Base rate and MCLR linking: harmful for the Indian borrower

By Sravya Vemuri

In order to enable customers to gain the benefits of interest rates movements of the Reserve Bank of India, it has ordered banks to synchronise the Marginal Cost of funds Lending Rate (MCLR) with the Base Rate from April 1.

MCLR and Base Rate

As a part of the financial sector reform Base Rate was introduced by the RBI in 2010 as a standard lending rate for commercial banks. Furthermore, the MCLR was introduced in April 2016 which was the minimum interest rate, below which the banks cannot lend, except in some cases already stipulated by the RBI.

The MCLR acts as an internal benchmark determined internally by the banks. This was introduced in place of Base Rate as MCLR is more sensitive to the changes in the policy rates, thereby, ensuring the effective implementation of the monetary policy.

The main difference between the calculation of base rate and MCLR is that the latter takes into account the marginal cost of funds. As marginal costs are charged on the basis of interest rates for various types of deposits, borrowings and return in net worth, it becomes sensitive to policy changes.

Impact on the economy

Banks charge customers on the basis of Base Rate for loans taken before April 2016, which is when MCLR was first implemented.
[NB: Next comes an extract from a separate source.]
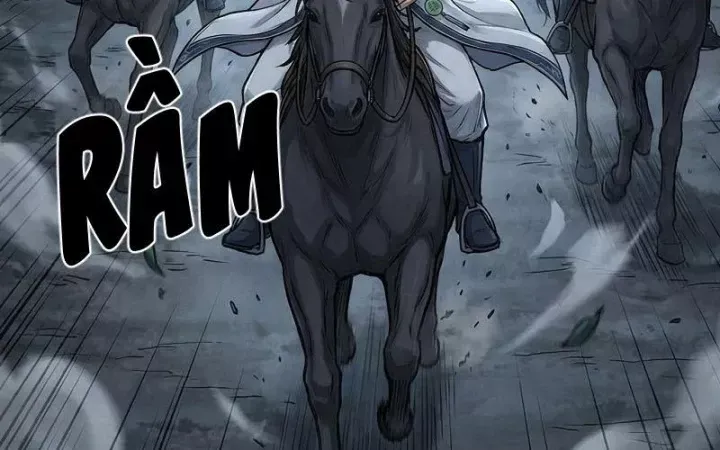 Xuyên Không Tới Tu Tiên Giới Làm Trù Thần Chap 72 - Next Chap 73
Whereas, MCLR is now the latest benchmark, which has been mandated by the bank.

 Experts are of the opinion that the new norm will be beneficial to the borrowers. For those borrowers who are on the base rate, this will bring down the interest rates and trigger their savings. For instance, there is an average of 70 basis points(bps) difference between base rate and MCLR. Last year, there was a huge flush of funds which resulted in a sharp decline in MCLR. However, the MCLR remained unchanged, which implies that a large number of retail borrowers were paying higher interest rates to these banks.

Bridging this gap will have a significant impact on the existing borrowers as lending rates will also be brought down gradually. Harmonising the rates does not mean that the rates will be equal, but rather that there won’t be a significant difference between the two. The RBI has also said that this move will bring India’s monetary policy in line with the global bank loan pricing practices.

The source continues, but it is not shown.